U.S. District Judge Gladys Kessler dismissed a lawsuit filed by the American Center for Law and Justice, a Christian legal group founded by evangelist Pat Robertson, on behalf of five Americans who can afford health insurance but have chosen for years not to buy it.
The case was one of several lawsuits filed against Obama's requirement that Americans either buy health insurance or pay a penalty, beginning in 2014. Kessler is the third Democratic-appointed judge to dismiss a challenge, while two Republican-appointed judges have ruled part or all of the law unconstitutional. Kessler wrote that the Supreme Court will need to settle the constitutional issues.

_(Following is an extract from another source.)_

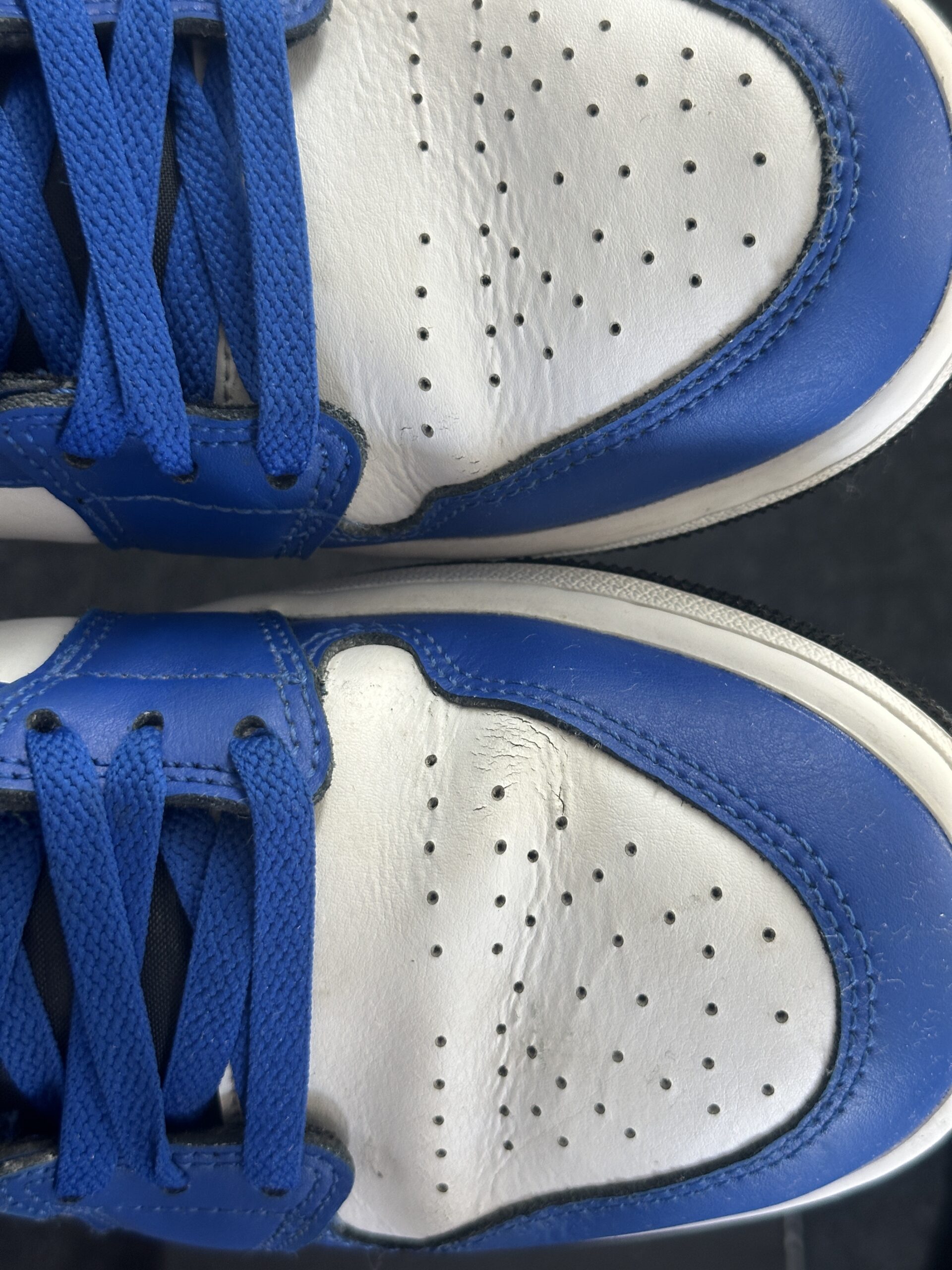 Air Jordan 1 Mid French Blue Fire Red DQ8426-402 taglia EU 42 vista dif box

Three of the plaintiffs are Christians who said they want to refuse all medical services for the rest of their lives because they believe God will heal their afflictions. They say being forced to buy insurance would conflict with their faith because they believe doing so would indicate they need "a backup plan and (are) not really sure whether God will, in fact, provide," the lawsuit said.
The two others have a holistic approach to medical care and prefer to pay for their health services out of pocket, in part because insurance often doesn't cover their chosen methods of healing.
The lawsuit argued that Congress does not have the power under the Constitution to require health care purchases and that the mandate violates the Religious Freedom Restoration Act of 1993.
Kessler rejected both arguments and ruled that Congress has the right to regulate health care spending under the Commerce Clause and that the individual mandate must be viewed not as a stand-alone reform but as an essential part of the law Obama signed 11 months ago aimed at reducing overall costs. She also said that anyone who objects to having health care for religious reasons can choose to pay the penalty instead — as the lawsuit said all five plaintiffs plan to do.